In-vitro hamburger? "We have the technology." - pg
http://www.wired.com/science/discoveries/news/2008/04/invitro_meat

======
danteembermage
I think an interesting market for this product would be religiously observant
vegetarians. If killing an animal is morally repugnant to you, perhaps eating
the protein byproduct of a bacterial culture wouldn't rub you the wrong way?

As prices come down to near hamburger level, I would be willing to change to
vat grown to spare cows the feedlot unpleasantness they are exposed to now. Of
course this would reduce the worldwide population of cattle, so its a moral
judgment whether a smaller number leading better lives is preferable--is
welfare measured by the sum or average--I'd lean towards the smaller and
better camp to the tune of about 15 cents a pound.

------
icky
I think we're going to see more and more advances like this where the chief
obstacle to adoption is social, not technical. (This came up a couple weeks
ago during a discussion of self-driving motor vehicles).

------
chaostheory
reminds me of a scene in Neuromancer:

"Molly and Armitage ate in silence, while Case sawed shakily at his steak,
reducing it to uneaten bite-sized fragments, which he pushed around in the
rich sauce, finally abandoning the whole thing.

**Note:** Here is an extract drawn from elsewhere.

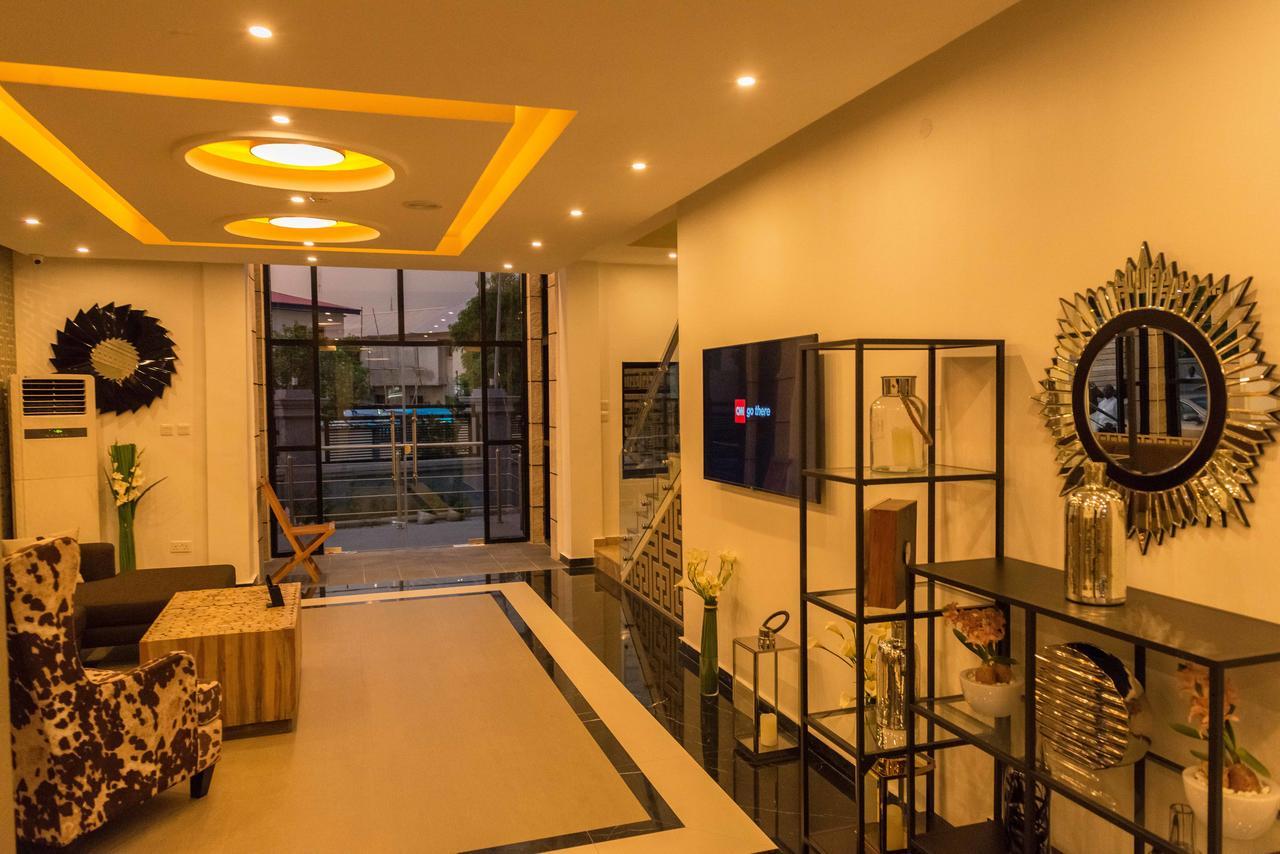 Iris Hotel Wuse 2 Abudża Zewnętrze zdjęcie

'Jesus,' Molly said, her own plate empty, 'gimme that. You know what this
costs?' She took his plate. 'They gotta raise a whole animal for years and
then they kill it. This isn't vat stuff.' She forked a mouthful up and
chewed."

------
carterschonwald
What I think will be very interesting is when the technology get sophisticated
enough that its cost effective to grow the in-vitro meat in various shapes and
distributions of mak I mean, cubes are all well and good for storage,
transport and generic consumption, but if you had the ability to specify the
proportions and distribution of various tissue types and whether you want say
steak shape versus paper thin (for that crazy pastry with meat layered in
you've been hankering for), THAT will be awesome.

------
RK
Now we can finally live ethically sound cannibalistic lifestyles, not having
to subsist on that horrible Hufu!

Maybe my new company can sell "Man in a Can".

------
tocomment
I think the most important benefit is the removing animal cruelty from the
equation.

------
keating
The trick is what to grow it on. Previous lab meat experiments used fetal calf
serum.

Engineering meat directly on a large scale is probably going to happen before
a significant percentage of people ethically convert to animal-free
lifestyles. It would make a huge difference in human-perpetrated cruelty, as
the U.S. currently slaughters 10 billion land animals and around 15 billion
aquatic animals (not counting by-catch) every year.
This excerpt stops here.